Was it right to excavate?
October 1 2012
Picture: BG
A reader and viewer of 'Fake or Fortune?' writes:
...the part of the programme where the painting was cut down and relined literally made me feel mildly unwell! My problem, I guess, is that my background is in history, rather than art history - and that I have been thinking of SPAB-type building restoration issues rather than art per se recently.
I couldn't help worrying, though, about what boils down to be a decision to destroy one state of an extant work in order to create what is, in some sense, a new work - a work which includes autograph work by Van Dyck, but which also incorporates decisions by a conservator regarding the removal of old varnish and old paint, a radical change in the size of the canvas, and a bit of skilful restoration. The result is, admittedly, beautiful - but at the same time, something has been lost.
It's a very interesting point - when is it acceptable to destroy one art work in order to get at another? We have recently had a most extreme view with the Battle of Anghiari debacle. In the case of Henrietta Maria, it was thought, mainly on a basis of connoisseurship (gasp!) that the painting on top was obviously not a great work of art. It was possible to date it to the early 18th Century, to about the 1730s. But there was no identifiable hand, or even a very skilled one. It appeared to have been done by either an enthusiastic amateur, or perhaps a regional artist in the manner of someone like John Vanderbank. But it really wasn't a great piece of painting, and art history will recover from the loss of 28 x 24 inches worth of not particularly good bodice and drapery. The remainder, above, is on display at the Banqueting House (I'm hoping Philip will one day let me keep it as a souvenir).

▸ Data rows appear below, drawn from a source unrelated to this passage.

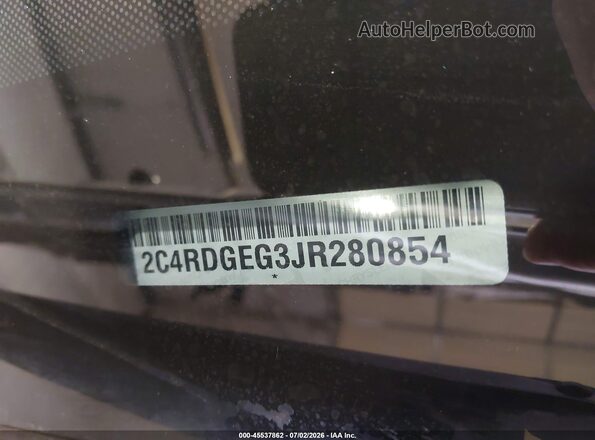 2C4RDGEG3JR280854 2018 DODGE GRAND CARAVAN Gray Engine compartment view
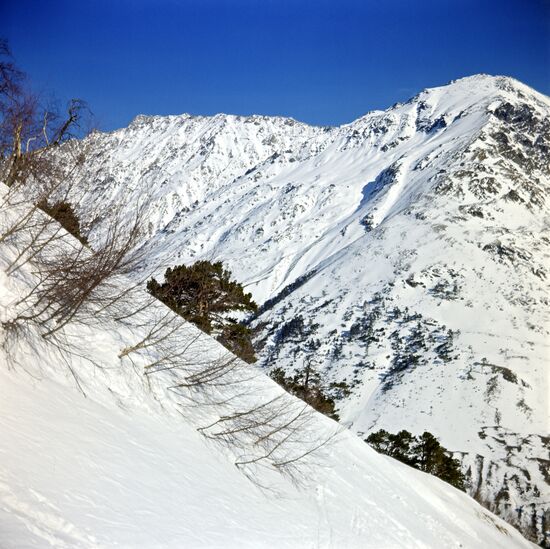 Mountain peaks near Terskol village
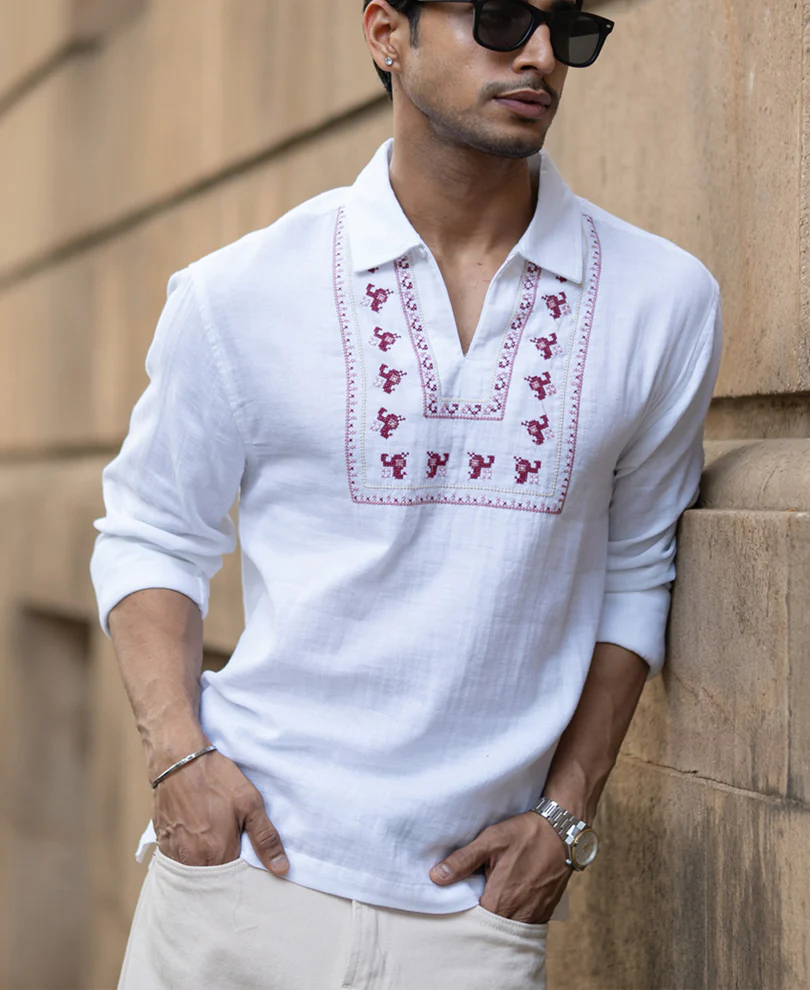 White Embroidered Kurta Shirt - Image 2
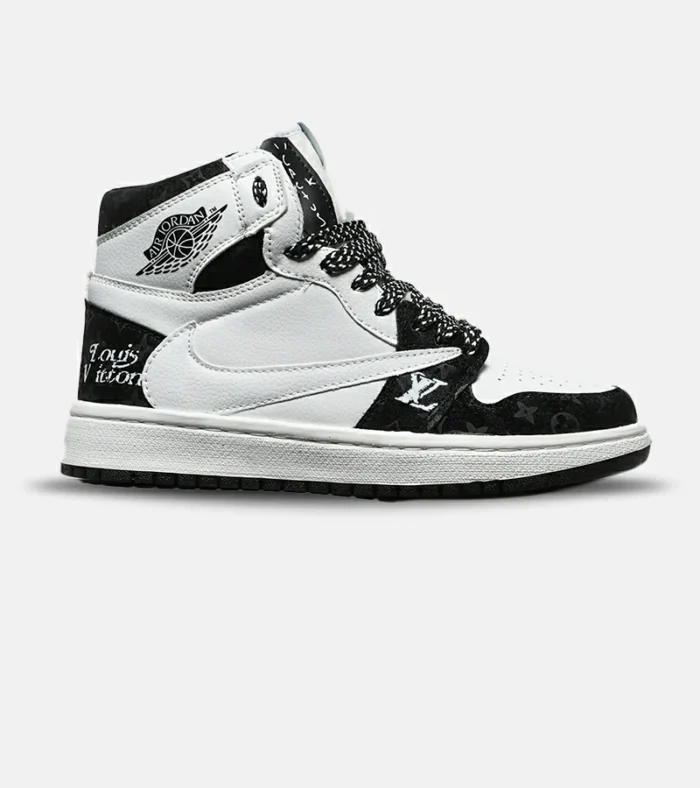 DSC08155 کفش کتانی ساقدار زنانه سفید مشکی NIKE travis scott مدل 8472 - Image 1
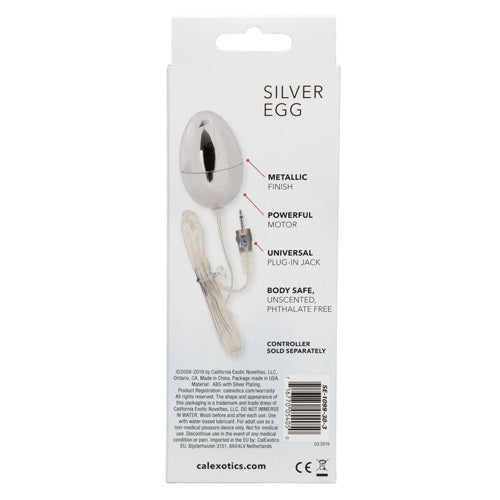 Sterling Collection - Powerful Silver Egg w/ Plug In Jack
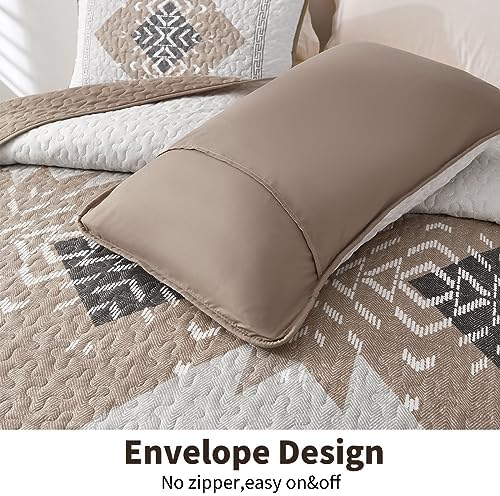 Dintszyayue Khaki Boho Quilt Set 3 Piece California King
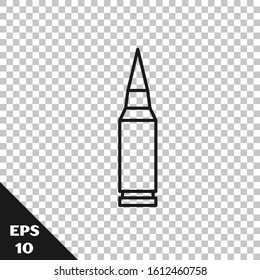Black line Bullet icon isolated on transparent background.  Vector Illustration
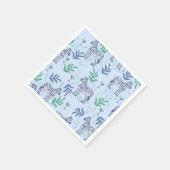 Serviette En Papier Zèbres Préppy Classiques et Martini Bleu (Coin)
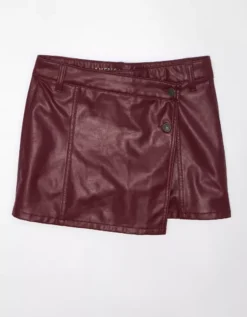 AE High-Waisted Vegan Leather Mini Skort -TrendAura Store 2331 7576 613 f
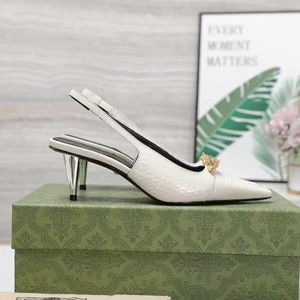 Eleganta slingbacks kvinnor 5,5 cm hög häl klänningskor klassisk fyrkantig tå lyxdesigner skor casual stenmönster ankel rem spännen sandaler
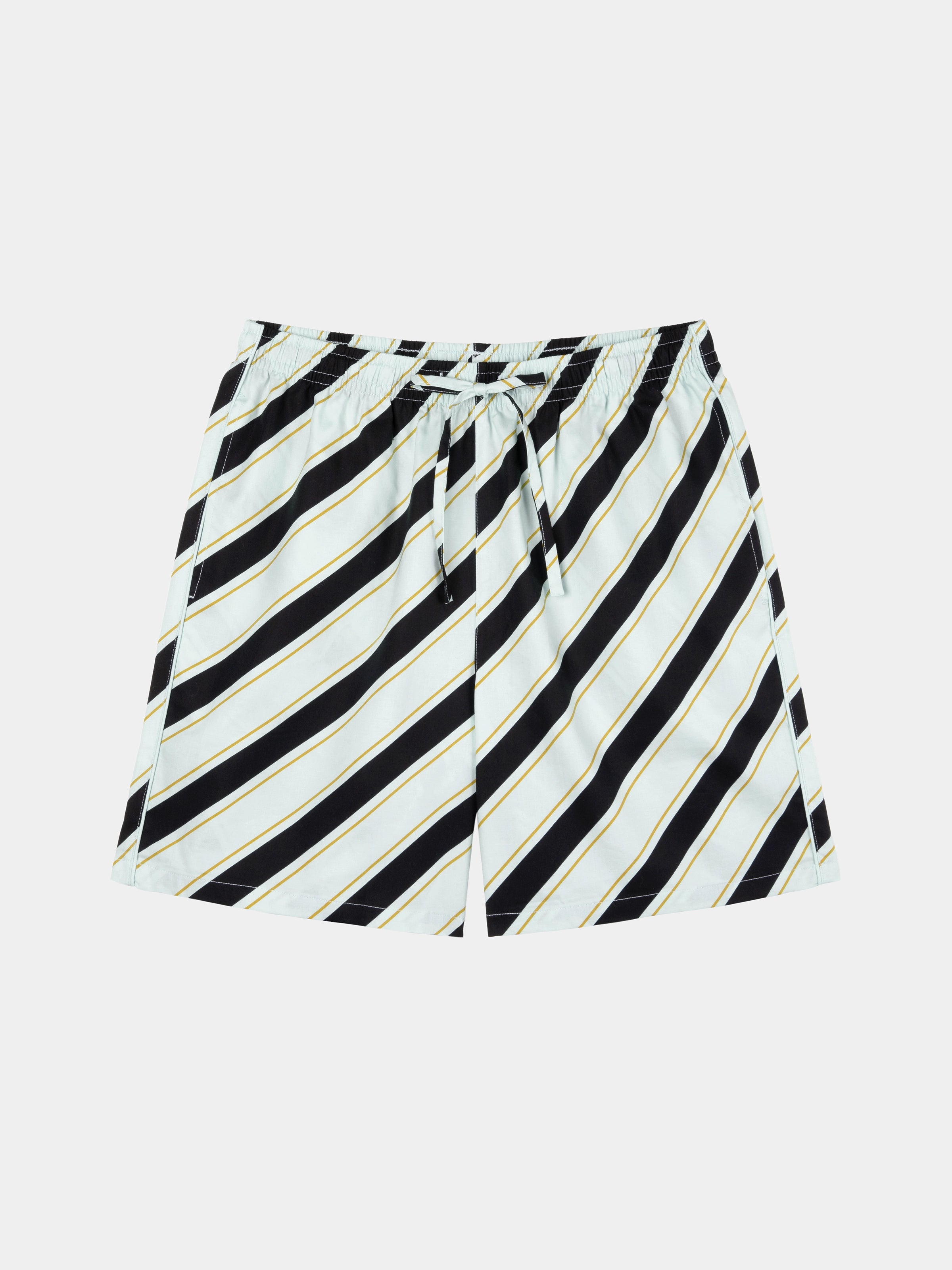 "Urban Jungle" Black Panther Tencel Cotton Blend Loungewear Set Short Sleeve & Shorts – Blue & Black Stripes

So in this case, what lay beneath was clearly worth pursuing. But if it had been, say, a body by Joshua Reynolds over a Van Dyck, it probably would not have been. But then Reynolds would probably have never done such a thing...
Update - a reader writes:
The spectacular appearance of the Original work fully justifies the discarding of the repainted portrait, repainted to deceive a purchaser in the 18th century that they had a fully 'complete' work. The state the picture is in now, allows us to see the work as Van Dyck wanted us to see it, with the very Titianesque sleeve to the fore, congratulations on a wonderful conclusion.